Anthropic has upgraded the Claude 3.5 series models, allowing you to operate the computer like a human!

Author：Eve Cole Update Time：2024-12-09 17:48:01

The editor of Downcodes learned that the artificial intelligence company Anthropic has upgraded the Claude 3.5 series of models and launched the new Claude 3.5 Sonnet and Claude 3.5 Haiku. The core highlight of this upgrade is that it greatly improves coding capabilities and gives Claude the ability to simulate human operations on computers, marking Anthropic's important step in expanding commercial AI models into comprehensive "AI agents." Sonnet’s score on SWE-bench Verified increased to 49.0%, surpassing all publicly available models, including OpenAI’s o1-preview model. Haiku performs well in multiple intelligent benchmark tests with faster speed and more accurate command following capabilities. This upgrade will bring more powerful AI assistance tools and a more convenient experience to developers and users.

Artificial intelligence company Anthropic announced major upgrades to the Claude 3.5 series of models, including the new Claude 3.5 Sonnet and Claude 3.5 Haiku. The upgraded version claims to allow artificial intelligence to take over your PC, performing basic tasks such as simulating keyboard input and mouse clicks to use any application installed on your computer.

Coding capabilities are significantly improved, surpassing the OpenAI o1-preview model

The new Claude3.5Sonnet has been significantly improved in all aspects, especially in terms of coding capabilities. Its score on SWE-bench Verified increased from 33.4% to 49.0%, surpassing all publicly available models, including OpenAI's o1-preview model.

Additionally, its performance on TAU-bench has improved, especially in the retail and aviation sectors. All this while maintaining the same price and speed as its predecessor.

Customer feedback shows that the upgraded Claude3.5Sonnet has made a qualitative leap in AI coding. For example, GitLab tested this model for DevSecOps tasks and found significant improvements in reasoning capabilities without increasing latency.

Claude3.5Haiku is Claude's next-generation fastest model , outperforming Claude3Opus at the same cost and speed, and performing well on multiple smart benchmarks, especially on encoding tasks. Claude3.5Haiku's low latency and more accurate command following capabilities make it very suitable for the generation of user interface products and personalized experiences.

Operate computers like a human

The newly launched computer usage function is a completely new attempt . Officials say this is not to develop specific tools for Claude, but to teach it general computer skills so that it can use a variety of standard tools and software programs. Developers can use this capability to automate repetitive processes, build and test software, conduct open research, and more.

Of course, Claude's current ability to use computers still needs to be improved. Some simple operations, such as scrolling and dragging, are still challenging for Claude. To ensure safety, officials have also developed a new classifier that can identify whether computer use has caused potential harm.

"We are about to enter a new era where artificial intelligence can leverage all the tools you use as an individual to complete tasks," Jared Kaplan, Anthropic's chief scientific officer, said in an interview. An important step has been taken in expanding commercial AI models from traditional chat frameworks to full-scale "AI agents".

In one demo, Claude was asked to plan a trip for a friend to watch the sunrise over the Golden Gate Bridge. The AI not only opened the web page, but also found a suitable viewing spot on Google and added the itinerary to the calendar app. While this performance is impressive, Wired points out that it doesn't provide some additional information, such as how to get to your destination.
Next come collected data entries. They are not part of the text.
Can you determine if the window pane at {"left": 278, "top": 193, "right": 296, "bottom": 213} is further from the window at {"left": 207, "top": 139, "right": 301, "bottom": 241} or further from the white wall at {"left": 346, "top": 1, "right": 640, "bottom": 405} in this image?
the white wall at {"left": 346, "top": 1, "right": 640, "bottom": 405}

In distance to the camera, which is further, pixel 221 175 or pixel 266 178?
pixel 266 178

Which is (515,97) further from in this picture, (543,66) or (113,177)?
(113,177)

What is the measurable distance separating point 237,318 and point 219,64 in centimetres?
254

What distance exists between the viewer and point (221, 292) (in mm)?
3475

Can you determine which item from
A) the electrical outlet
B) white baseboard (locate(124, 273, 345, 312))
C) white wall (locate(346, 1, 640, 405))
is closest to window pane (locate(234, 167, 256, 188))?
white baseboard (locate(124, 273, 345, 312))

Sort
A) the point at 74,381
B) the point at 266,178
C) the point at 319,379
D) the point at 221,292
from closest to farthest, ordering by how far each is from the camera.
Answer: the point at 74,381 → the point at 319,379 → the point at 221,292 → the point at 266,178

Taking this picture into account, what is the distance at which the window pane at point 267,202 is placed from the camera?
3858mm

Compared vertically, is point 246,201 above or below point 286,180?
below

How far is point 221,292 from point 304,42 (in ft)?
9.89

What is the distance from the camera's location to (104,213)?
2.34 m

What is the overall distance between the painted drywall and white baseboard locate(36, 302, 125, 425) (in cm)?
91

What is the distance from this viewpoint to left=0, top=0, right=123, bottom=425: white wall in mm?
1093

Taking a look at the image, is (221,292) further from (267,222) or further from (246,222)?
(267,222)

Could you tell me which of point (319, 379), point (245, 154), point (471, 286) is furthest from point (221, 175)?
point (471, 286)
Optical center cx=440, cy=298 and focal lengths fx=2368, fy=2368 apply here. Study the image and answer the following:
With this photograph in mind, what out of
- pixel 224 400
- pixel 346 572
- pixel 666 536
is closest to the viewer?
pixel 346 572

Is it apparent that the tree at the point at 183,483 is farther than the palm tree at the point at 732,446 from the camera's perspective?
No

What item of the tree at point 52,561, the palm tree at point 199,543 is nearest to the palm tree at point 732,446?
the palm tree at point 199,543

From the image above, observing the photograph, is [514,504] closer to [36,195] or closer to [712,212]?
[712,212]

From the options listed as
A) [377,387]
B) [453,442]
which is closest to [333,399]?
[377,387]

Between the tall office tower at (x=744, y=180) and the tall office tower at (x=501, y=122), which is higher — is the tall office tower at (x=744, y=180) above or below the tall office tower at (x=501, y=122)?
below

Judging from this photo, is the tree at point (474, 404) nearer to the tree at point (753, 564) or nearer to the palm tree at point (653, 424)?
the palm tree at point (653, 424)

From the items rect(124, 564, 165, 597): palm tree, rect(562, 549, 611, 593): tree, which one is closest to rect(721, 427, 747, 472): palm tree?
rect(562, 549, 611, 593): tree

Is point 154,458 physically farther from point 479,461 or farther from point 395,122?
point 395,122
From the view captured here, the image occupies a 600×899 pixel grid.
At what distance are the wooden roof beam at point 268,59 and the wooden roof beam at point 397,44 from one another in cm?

In addition, in another demonstration, Claude was asked to build a simple website. As a result, he successfully created a website using Microsoft's Visual Studio Code and opened the local server for testing. However, along the way, it encountered some minor bugs but successfully fixed the code when prompted.

Claude 3.5 Sonne demonstrated his ability to perform multi-step tasks on different software platforms by retrieving the required information from a customer relationship management system (CRM) to autonomously complete a supplier request form.
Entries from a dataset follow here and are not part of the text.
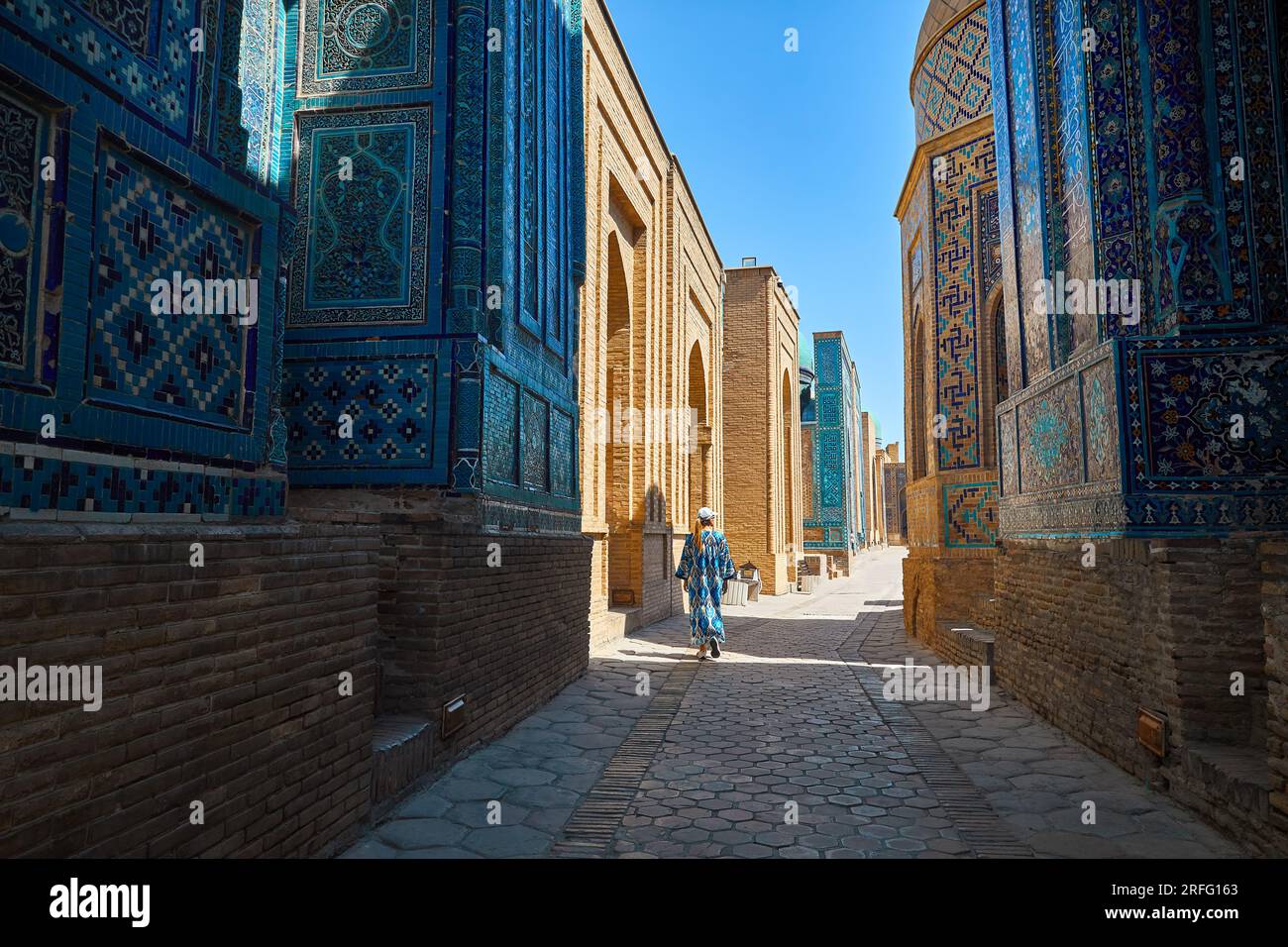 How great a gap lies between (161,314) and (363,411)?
1997 mm

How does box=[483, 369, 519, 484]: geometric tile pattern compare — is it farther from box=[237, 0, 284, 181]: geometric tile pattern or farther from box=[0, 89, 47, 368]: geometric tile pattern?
box=[0, 89, 47, 368]: geometric tile pattern

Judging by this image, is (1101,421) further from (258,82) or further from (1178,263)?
(258,82)

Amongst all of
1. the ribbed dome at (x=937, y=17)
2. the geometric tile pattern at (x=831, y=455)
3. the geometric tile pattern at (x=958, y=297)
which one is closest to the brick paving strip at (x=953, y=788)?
the geometric tile pattern at (x=958, y=297)

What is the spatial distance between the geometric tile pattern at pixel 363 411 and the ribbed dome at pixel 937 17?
8090 mm

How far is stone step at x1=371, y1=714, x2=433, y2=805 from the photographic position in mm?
3556

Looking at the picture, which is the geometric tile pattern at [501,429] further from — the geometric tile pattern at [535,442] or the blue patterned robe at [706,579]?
the blue patterned robe at [706,579]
The upgraded Claude3.5Sonnet is now available to all users. Starting today, developers can build with computer beta on the Anthropic API, Amazon Bedrock, and Google Cloud’s Vertex AI. The new Claude3.5Haiku will be released later this month.

Official blog: https://www.anthropic.com/news/3-5-models-and-computer-use

Highlight:

Claude3.5Sonnet and Haiku models have been significantly upgraded, and their coding capabilities have been significantly improved.

? The newly launched computer usage function allows Claude to operate the computer like a human, opening up more possibilities.

? Using AI assistants brings safety risks, and Anthropic emphasizes gradual observation and improvement to ensure safety.

All in all, Anthropic's Claude 3.5 series model upgrade demonstrates the rapid development of AI technology and also indicates that AI will play a more powerful role in more fields in the future. Although there are still some challenges, its development prospects are worth looking forward to. The editor of Downcodes will continue to pay attention to the latest developments in this field and bring more exciting reports to readers.